● TASK GOAL: For this exercise, copy exactly the lines below from the one with "Inflammatory or infective" through the one with "Resized quality is" and leave out the pictures.

RECORD EXCERPTS Block Start

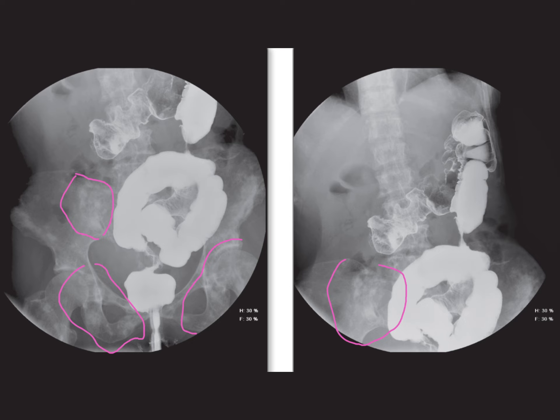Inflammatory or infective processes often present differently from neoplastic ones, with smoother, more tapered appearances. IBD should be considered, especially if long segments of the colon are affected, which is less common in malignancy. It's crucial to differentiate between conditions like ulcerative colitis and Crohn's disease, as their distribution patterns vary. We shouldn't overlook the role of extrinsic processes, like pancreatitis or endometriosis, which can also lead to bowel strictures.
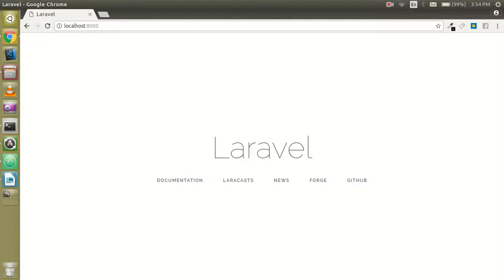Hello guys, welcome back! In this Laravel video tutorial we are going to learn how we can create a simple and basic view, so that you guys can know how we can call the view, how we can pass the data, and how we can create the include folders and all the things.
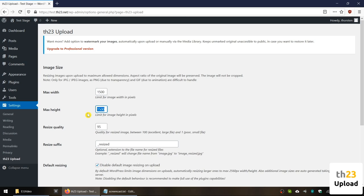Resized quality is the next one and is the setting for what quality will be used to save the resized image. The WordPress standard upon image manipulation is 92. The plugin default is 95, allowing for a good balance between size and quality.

RECORD EXCERPTS Block End
RECORD EXCERPTS Block Start

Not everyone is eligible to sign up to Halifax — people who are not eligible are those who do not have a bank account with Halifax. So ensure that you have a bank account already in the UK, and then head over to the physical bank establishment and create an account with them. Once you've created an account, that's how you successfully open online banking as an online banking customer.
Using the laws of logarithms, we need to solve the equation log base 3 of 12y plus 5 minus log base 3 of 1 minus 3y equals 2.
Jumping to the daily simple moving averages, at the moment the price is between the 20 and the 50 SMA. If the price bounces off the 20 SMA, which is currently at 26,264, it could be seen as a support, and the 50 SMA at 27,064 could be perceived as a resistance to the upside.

RECORD EXCERPTS Block End

● RESULT FOR THIS TASK:
Inflammatory or infective processes often present differently from neoplastic ones, with smoother, more tapered appearances. IBD should be considered, especially if long segments of the colon are affected, which is less common in malignancy. It's crucial to differentiate between conditions like ulcerative colitis and Crohn's disease, as their distribution patterns vary. We shouldn't overlook the role of extrinsic processes, like pancreatitis or endometriosis, which can also lead to bowel strictures.
Hello guys, welcome back! In this Laravel video tutorial we are going to learn how we can create a simple and basic view, so that you guys can know how we can call the view, how we can pass the data, and how we can create the include folders and all the things.
Resized quality is the next one and is the setting for what quality will be used to save the resized image. The WordPress standard upon image manipulation is 92. The plugin default is 95, allowing for a good balance between size and quality.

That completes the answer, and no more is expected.